Two nursing facilities in Arkansas filed a lawsuit last week against the U.S. federal government over the final rule regarding arbitration in skilled nursing facilities, arguing that the newest iteration of the regulation “is just as unlawful” as the 2016 rule that banned the practice altogether.
The two plaintiffs are Northport Health Services of Arkansas LLC, which does business as Springdale Health and Rehabilitation Center in Springdale; and the NWA Nursing Center LLC, which does business as The Maples, also in Springdale. Both facilities have 140 beds and participate in the Medicare and Medicaid programs.
The Centers for Medicare & Medicaid Services (CMS) in July finalized a rule that allows SNF operators to use arbitration agreements with residents, while preventing them from making the agreements a prerequisite for admission.
Residents who sign arbitration agreements waive the ability to pursue legal action related to disputes, and instead submit to private arbitration proceedings. Supporters of arbitration argue that the method is a fair and less-costly method of dispute resolution, while opponents claim the agreements deprive nursing home residents of their right to legal relief through the courts.
That said, multiple attorneys stressed the strength of the consumer protections in the most recent arbitration rule in interviews with Skilled Nursing News.
“From my perspective, the final rule is perhaps the strongest version of consumer protections in connection with arbitration agreements, short of an outright ban on pre-dispute arbitration agreements,” Brian McGovern, a partner at the New York office of the law firm Crowell & Moring, told SNN in July.
In the Wednesday lawsuit, the plaintiffs argued that the restrictions on the use of arbitration make the final rule as problematic legally as the 2016 ban on arbitration; in addition to prohibiting their use as a prerequisite for admission, the rule allows residents or their representatives to rescind the agreements within 30 days of signing.
“Indeed, the differences between the rules are more cosmetic than material,” the plaintiffs wrote. “For instance, the Amended Arbitration Rule still prevents long-term care facilities from requiring agreement to arbitrate as a condition for admission, even though such agreements benefit both facilities and residents. Because the government has long taken the view that existing residents cannot be forced to enter arbitration agreements, the ‘new’ Rule still effectively prevents long-term care facilities from insisting on pre-dispute arbitration agreements.”

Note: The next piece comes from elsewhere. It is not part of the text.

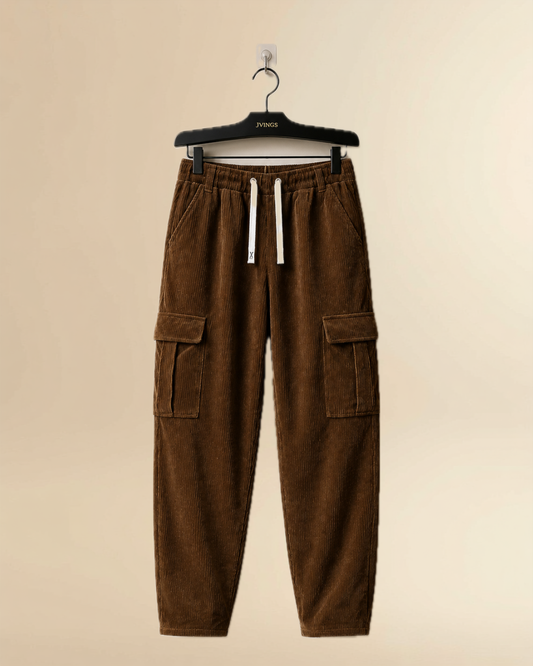 JVINGS Luxe Corduroy Cargo Pants – Premium Relaxed Fit Utility Trousers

The plaintiffs also argued that the new rule’s new requirements, such as the 30-day recession option, apply only to arbitration, and that these and other parts of the rule amount to a violation of the Federal Arbitration Act.
In the lawsuit, they requested that the court enter a declaratory judgment that the new rule is unlawful, stay the effective date of the rule, and keep the defendants — the U.S. Department of Health and Human Services (HHS), HHS Secretary Alex Azar, and CMS Administrator Seema Verma — from enforcing it.
CMS does not comment on active litigation, a spokesperson told SNN.